Task description
Copy every line of the data exactly, keeping out any picture.

** Opening Dataset excerpt block **

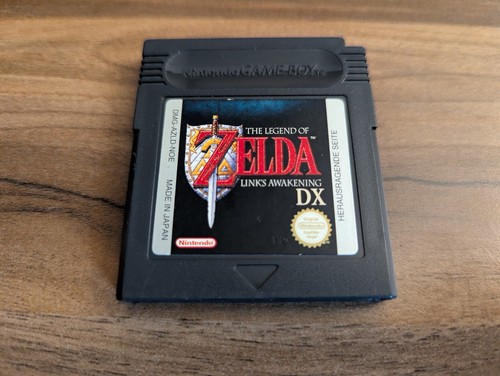 The legend zelda link - legend, zelda:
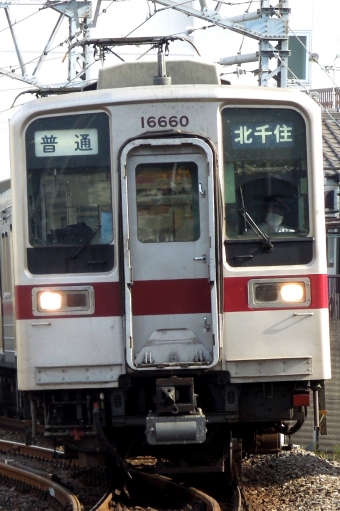 11660F 鉄道フォト・写真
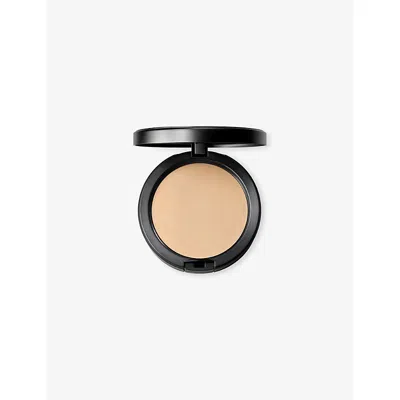 Mac Ac Studio Fix Powder Plus Foundation 15g Nc15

** Closing Dataset excerpt block **

Response to this task
 The legend zelda link - legend, zelda:
 11660F 鉄道フォト・写真
 Mac Ac Studio Fix Powder Plus Foundation 15g Nc15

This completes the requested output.